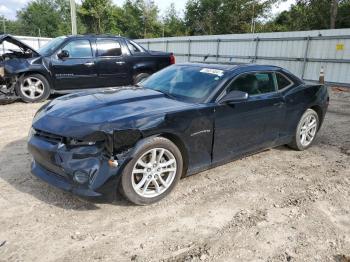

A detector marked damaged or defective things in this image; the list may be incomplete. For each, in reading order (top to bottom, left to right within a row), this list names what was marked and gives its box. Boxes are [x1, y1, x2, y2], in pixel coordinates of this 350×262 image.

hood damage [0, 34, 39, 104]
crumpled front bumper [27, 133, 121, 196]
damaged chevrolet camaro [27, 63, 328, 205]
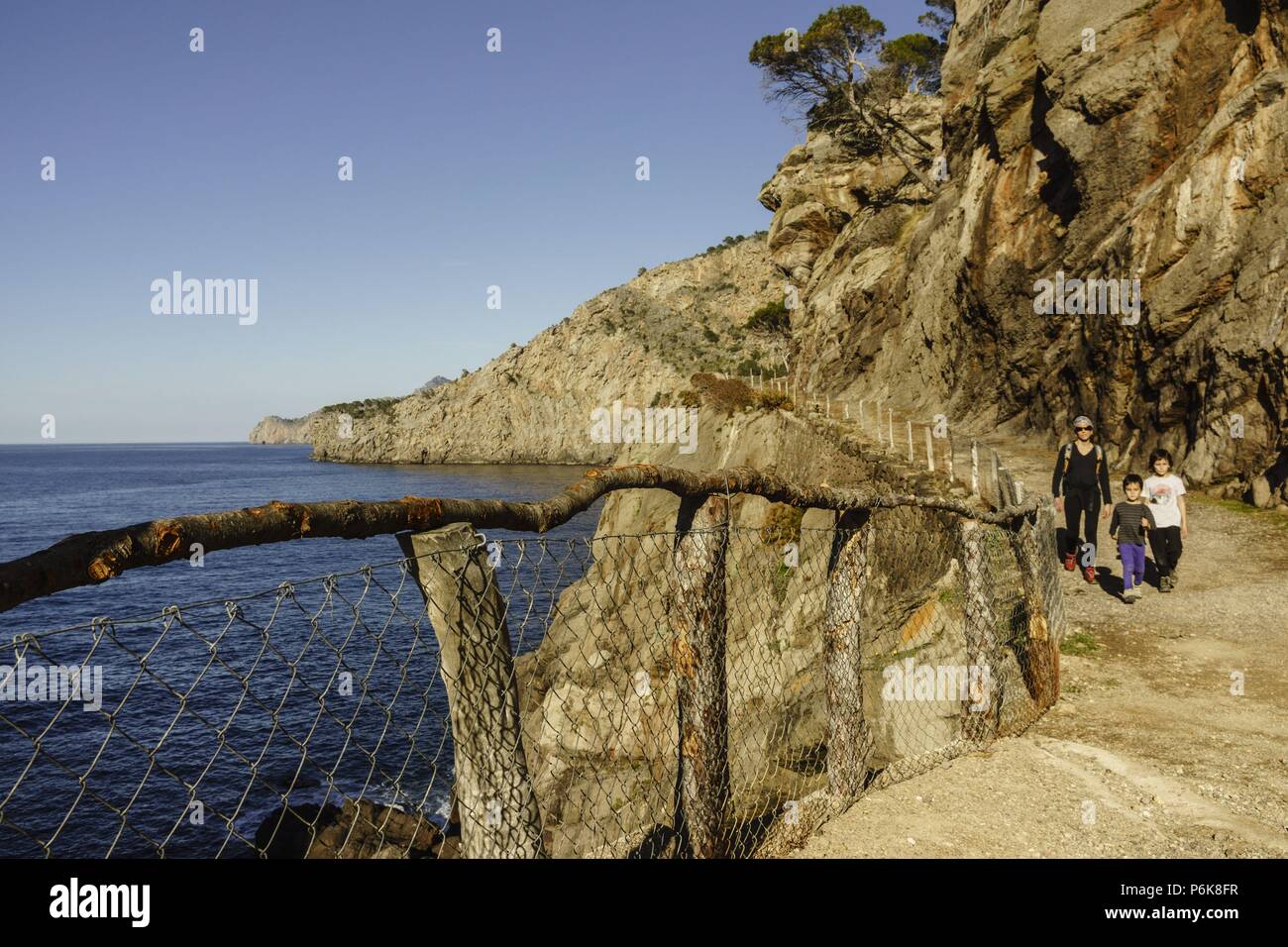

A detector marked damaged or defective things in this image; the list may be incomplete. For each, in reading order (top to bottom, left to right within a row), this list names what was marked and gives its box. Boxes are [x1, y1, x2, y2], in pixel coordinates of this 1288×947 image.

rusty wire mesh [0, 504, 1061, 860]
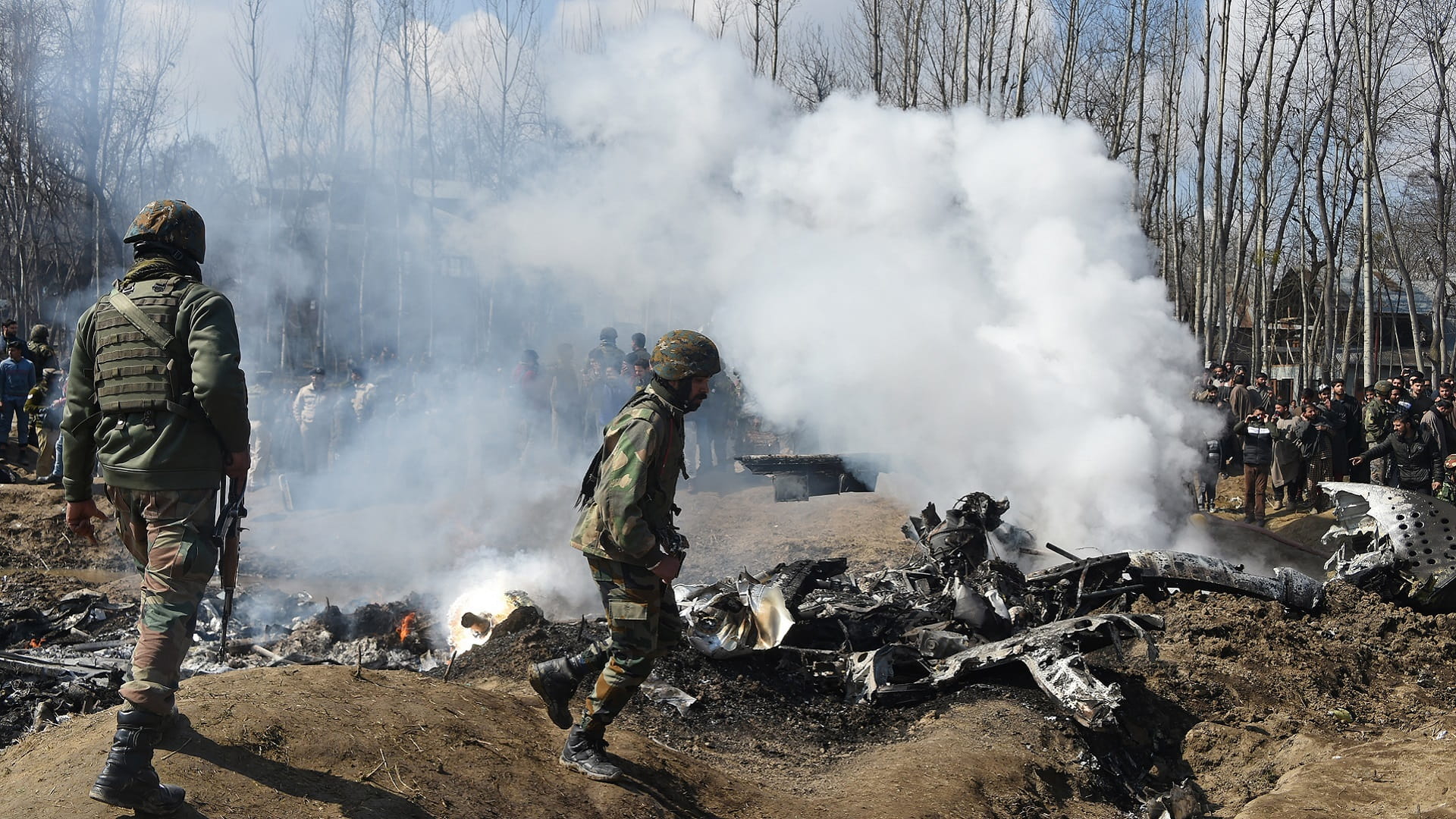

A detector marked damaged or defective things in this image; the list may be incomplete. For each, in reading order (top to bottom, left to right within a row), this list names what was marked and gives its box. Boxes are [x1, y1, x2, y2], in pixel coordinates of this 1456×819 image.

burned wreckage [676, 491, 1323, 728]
++++
Problem description: Beginning from the line that contains "this 1456×819 image.", give each line again exactly, through the final line of the records.

Solution to the problem:
A detector marked damaged or defective things in this image; the list may be incomplete. For each, in reading order (top to bottom, left to right within a row), this list names what was marked and gives its box. Boxes are [x1, y1, x2, y2], in pixel coordinates of this 1456×819 image.

burned wreckage [676, 491, 1323, 728]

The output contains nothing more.